How do different cancer subtypes arise? Do they originate from distinct cells, or from a single multipotent cell capable of differentiating into multiple cell types? This question, debated for decades in cancer biology, is now gaining new insight thanks to the work of the Laboratory of Experimental Pathology at the University of Liège, in collaboration with researchers from Université Paris Cité and Sorbonne University.
The scientists focused on adenosquamous carcinomas of the cervix, rare but particularly informative tumors. These tumors combine two types of cancer cells, glandular and squamous, within the same lesion, in a shared context of human papillomavirus (HPV) infection. This makes them an ideal model for understanding how multiple tumor identities can develop and coexist.
By combining advanced histopathological, virological, and genomic analyses, the researchers were able to separately compare these two tumor components within the same samples. Their conclusion is unequivocal: glandular and squamous cancer cells share a common origin. In particular, they exhibit identical viral features (the same HPV variants and identical integration sites in human DNA), as well as some shared genetic alterations.
However, this initial similarity does not last. Very early in tumor development, the two malignant cell populations diverge and evolve independently, each following its own trajectory. Notably, only a small fraction of genetic alterations is shared between the two components, indicating that divergence occurs early in cancer development, before most mutations accumulate.

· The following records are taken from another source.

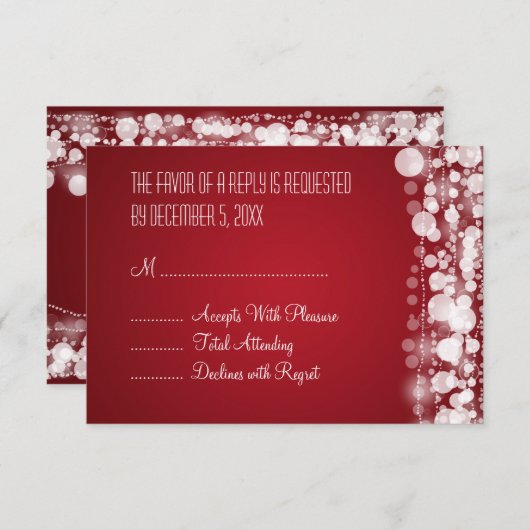 Elegant Wedding UAWG Dotted Red RSVP Karte (Vorne/Hinten)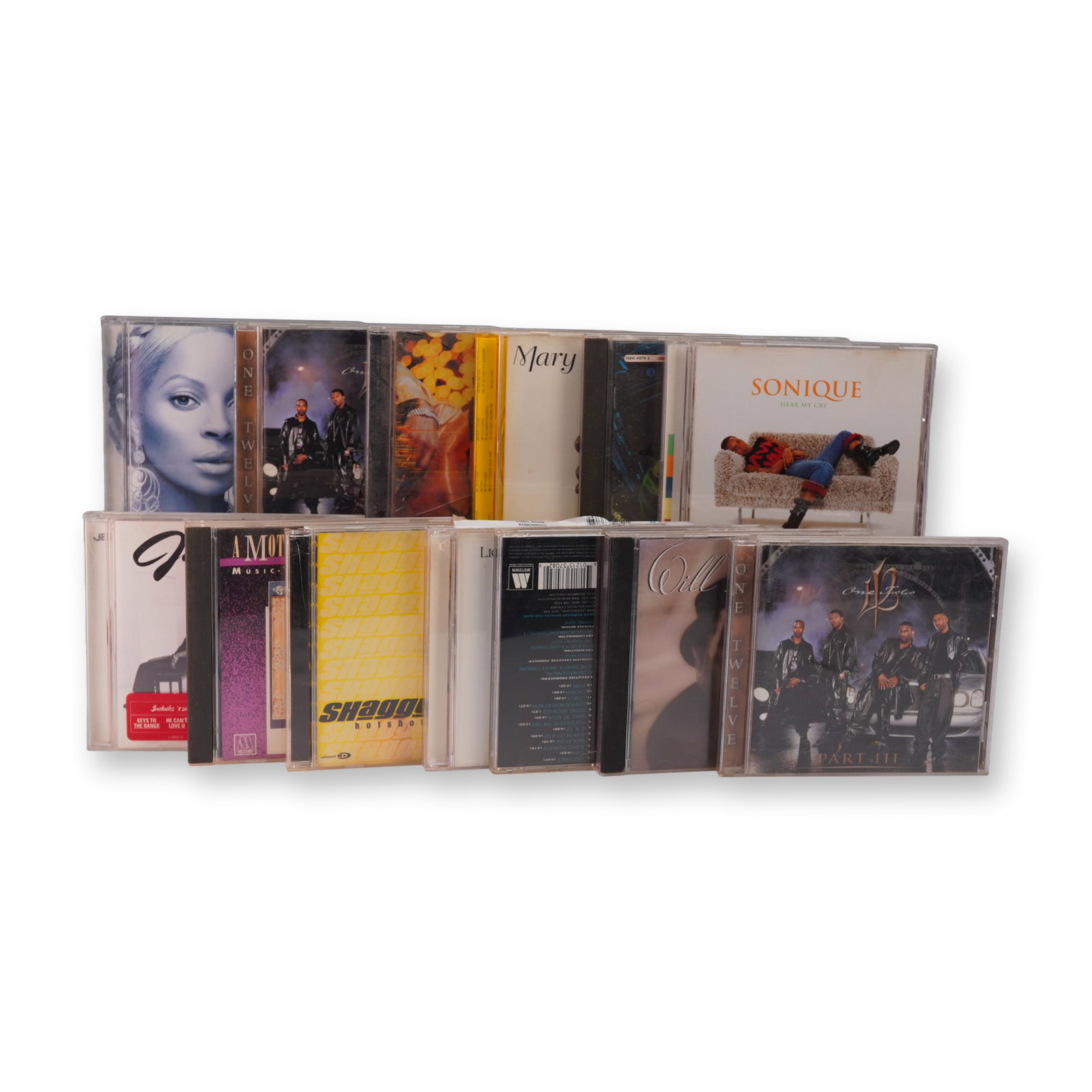 13pc RnB CD Lot Sonique Ginuwine Mary J Blige One Twelve: 13 piece RnB CD collection featuring standout albums by top artists including Sonique Hear My Cry, Ginuwine 100 Percent Ginuwine, and Mary J Blige's Mary and The Breakthrough. Includes two editions of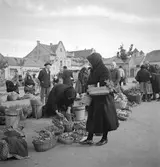 Marknad i Gyöngyös. Tjeckoslovakien-Ungern-Österrike 1935.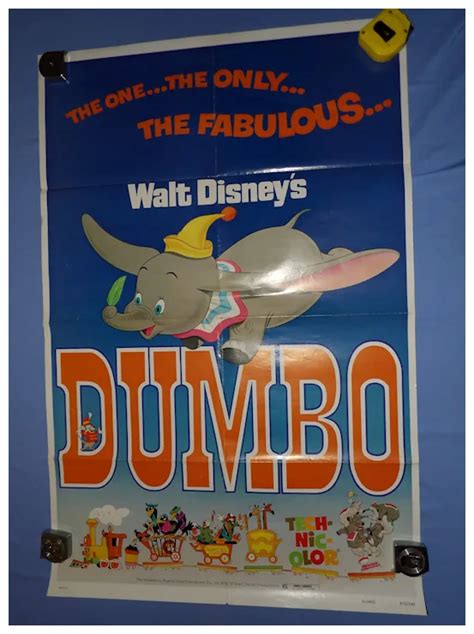 Vintage 1972 Dumbo Walt Disney Re Release Original 27x41 Movie Poster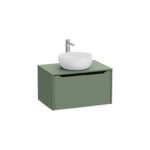 VitrA Integra Square Lavabo Dolabı, 80 cm, Bir Çekmeceli, Çanak Lavabo Uyumlu, Mat Yeşil, Lavabosuz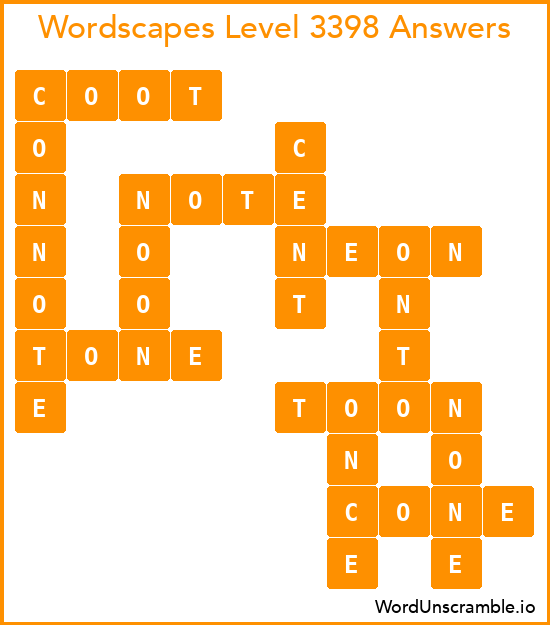 Wordscapes Level 3398 Answers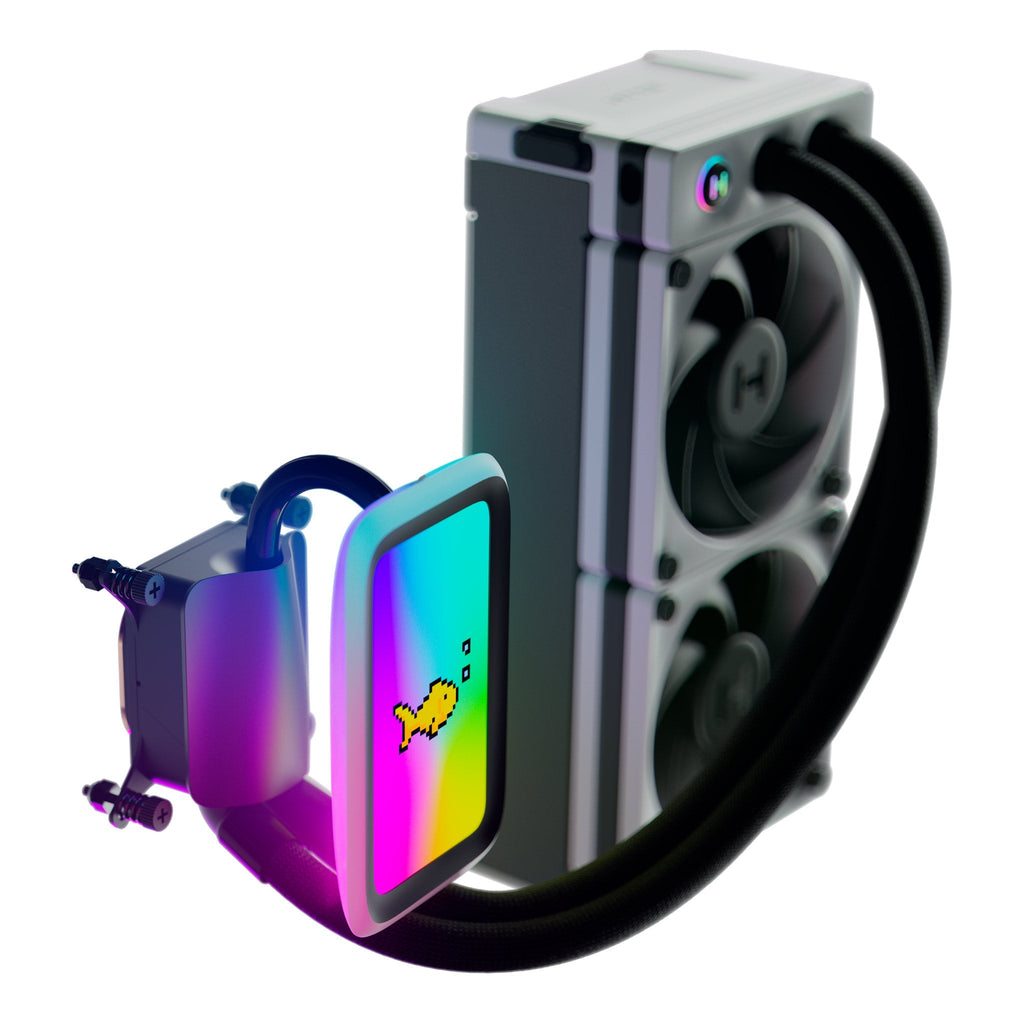 HYTE THICC Q60 240mm AIO Digital Processor Liquid Cooler with 5" Ultraslim IPS Display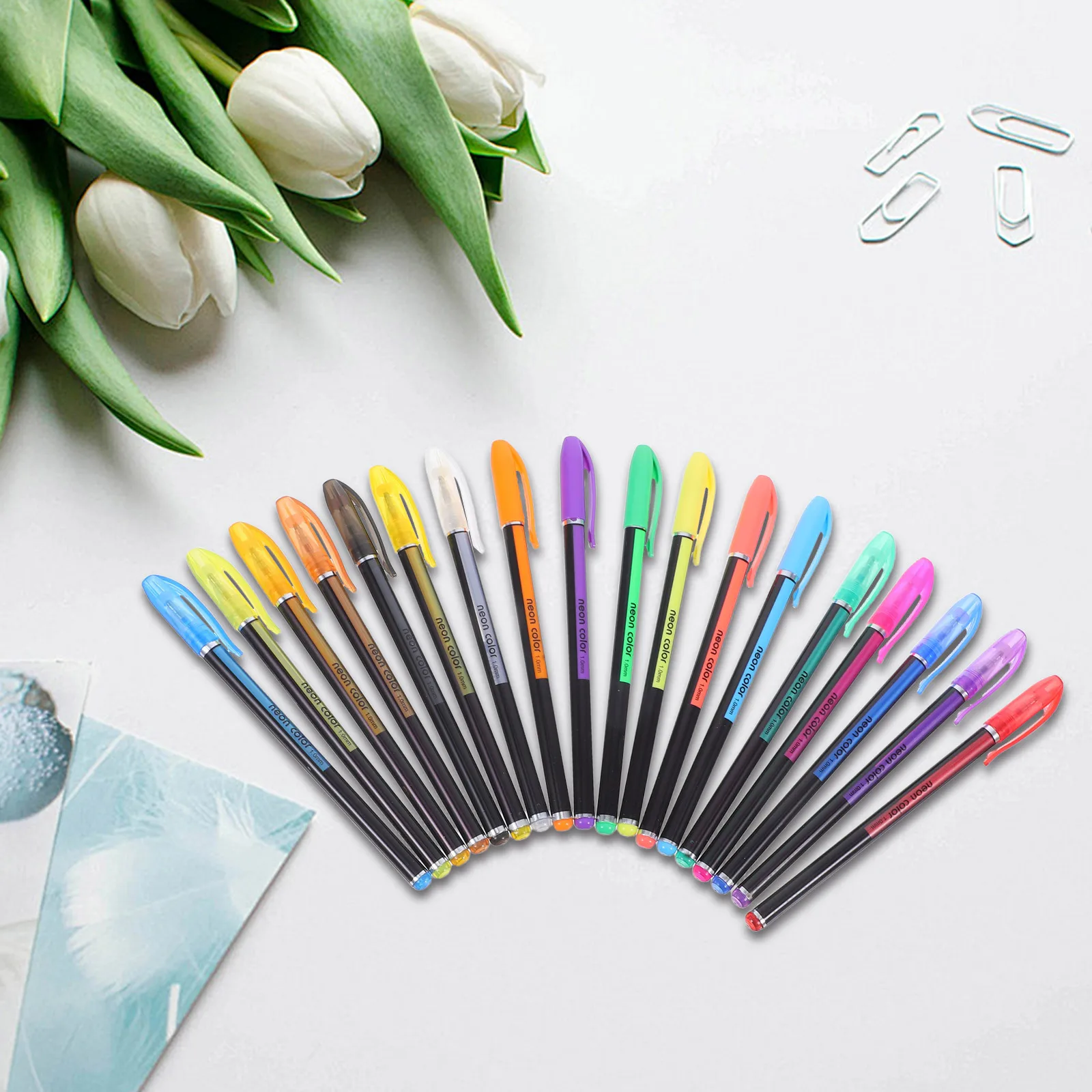1,0 mm gelpennen neonkleur pennenset soepel schrijven kleuren kunst tekening ambachtelijke benodigdheden knipperende neutrale pen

"This study provides robust and direct evidence in humans that distinct tumor phenotypes can emerge from a single initiating event through early clonal divergence," explains Michael Herfs . "The project, supported by an Audacious Medical Grant from the FNRS , was based on an innovative hypothesis whose outcome remained uncertain; the publication validating our initial premise is therefore a particularly rewarding achievement."
These findings challenge the traditional view that each cancer subtype originates from a specific cell of origin. Instead, they support a model in which a progenitor cell, potentially multipotent, can give rise to phenotypically distinct tumor cells.

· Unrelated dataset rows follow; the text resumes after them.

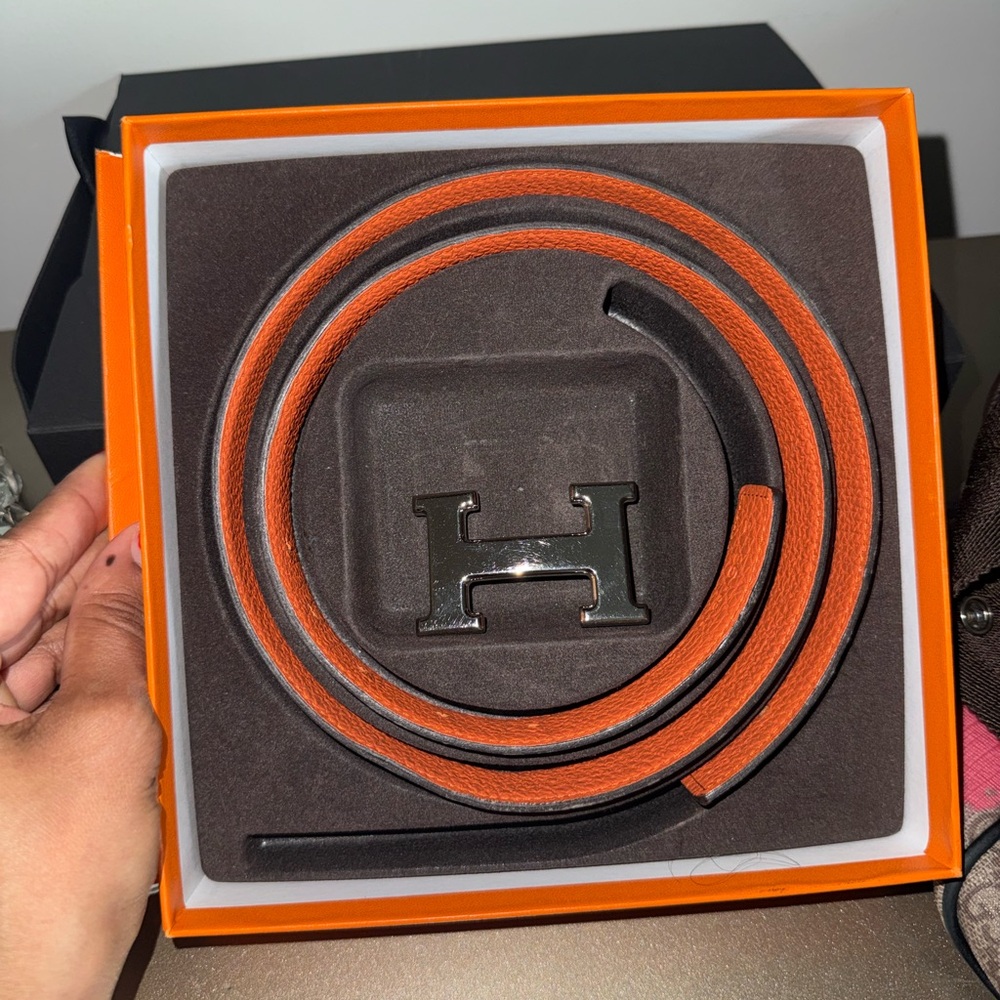 Hermès Reversible Orange/Black Leather Belt with H Buckle 85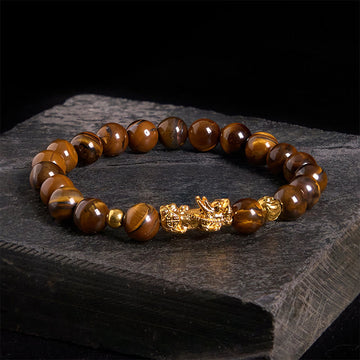 Various Color Tiger Eye Beads Pixiu Wealth Courage Bracelet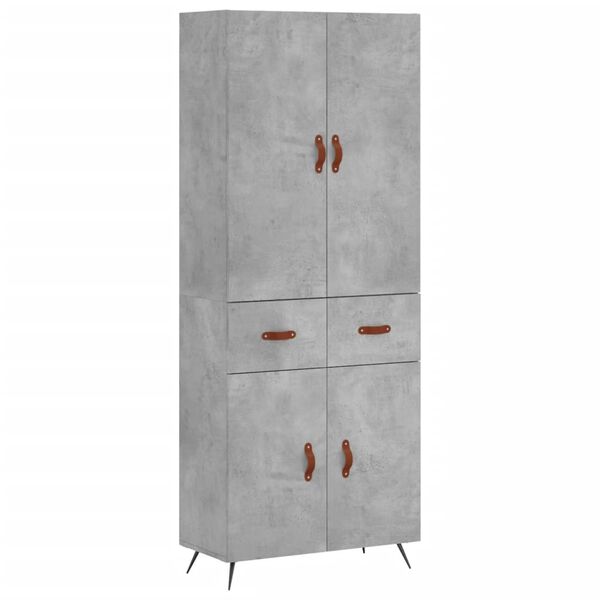 vidaXL Highboard betonggr&aring; 69,5x34x180 cm konstruert tre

Beyond cervical cancer, this discovery opens new avenues for understanding tumor heterogeneity, a major issue in oncology, particularly in explaining certain forms of treatment resistance. It suggests that the diversity observed within cancers may, in many cases, result from early divergence stemming from a single initial event.
By providing a clear answer to a long-standing controversy, this work establishes a new framework for understanding tumor plasticity and, ultimately, for better guiding treatment choices.